Group Level Natural Selection

There has been much academic debate between evolutionary biologists, such as John Maynard Smith, W. D. Hamilton, George C. Williams, and Richard Dawkins, who advocate individual level selection plus rare cases of kin selection, and others, such as David Sloan Wilson, Elliott Sober and E.O. Wilson, who advocate multi-level selection. However, a consensus is beginning to emerge that a process of natural selection occurs at each biological level, i.e.: the genome, cell, organism, family, group, species, and ecosystem. Due to emergent properties, i.e., properties held by systems which are not held by their component parts, the process of natural selection at each level can differ. However, the process at each level tends to be undermined by stronger selection processes at lower levels.

E.O. Wilson described multi-level selection using the analogy of Russian dolls. The various biological levels can be likened to nested containers for competing genes. To varying degrees, the genes rely on each container for their survival and propagation. Thus, higher level selection can be a significant factor in some species and has probably played a part in human evolution.

Selection at cell level does occur within an organism. For example, recent research has shown that, in certain circumstances, cancer cells can evolve from healthy cells under pressure from the organism’s immune system.
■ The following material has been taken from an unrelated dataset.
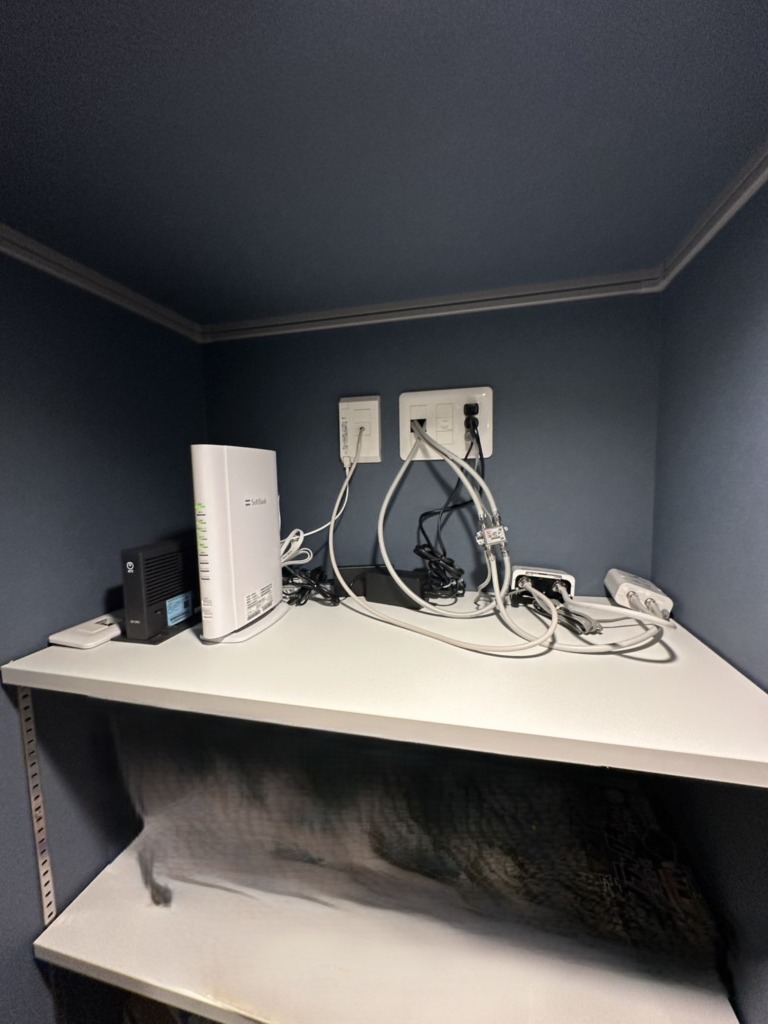 あま市七宝町鯰橋の光仕様のガルバリウム外壁新築にデザインアンテナ壁面工事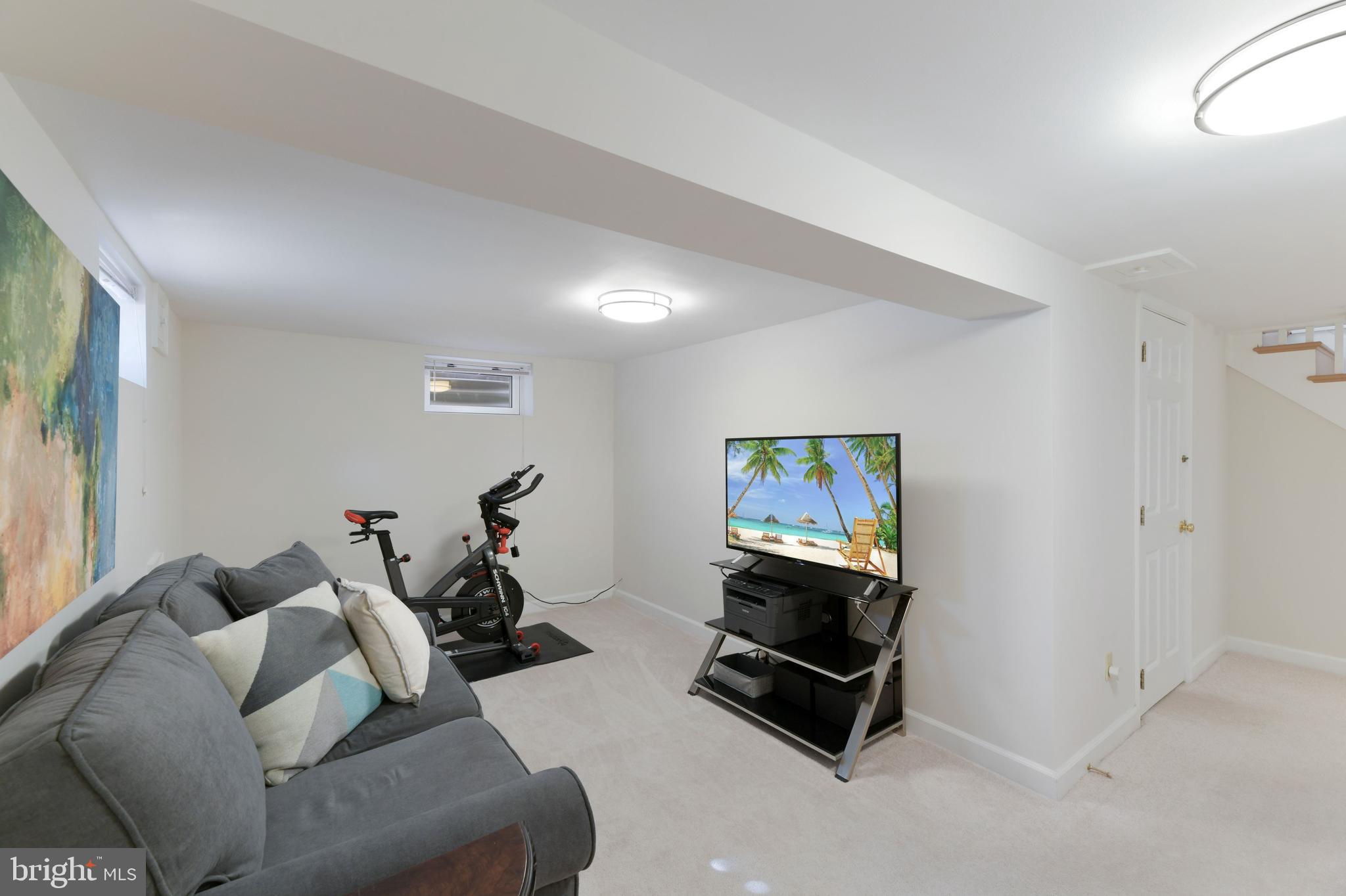 WAVERLY HILLS - Residential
However, this form of evolution is normally a dead end. The cells act together to form the organism which is a container that they rely on for their continued existence. There may be billions of cells acting together over thousands of cell generations. However, evolution has shaped their genome to behave altruistically and, ultimately, the vast majority die out with the organism. Typically, only two or three carry the organism’s genes forward through reproduction. Thus, natural selection operates at the level of the organism rather than at the level of the cell.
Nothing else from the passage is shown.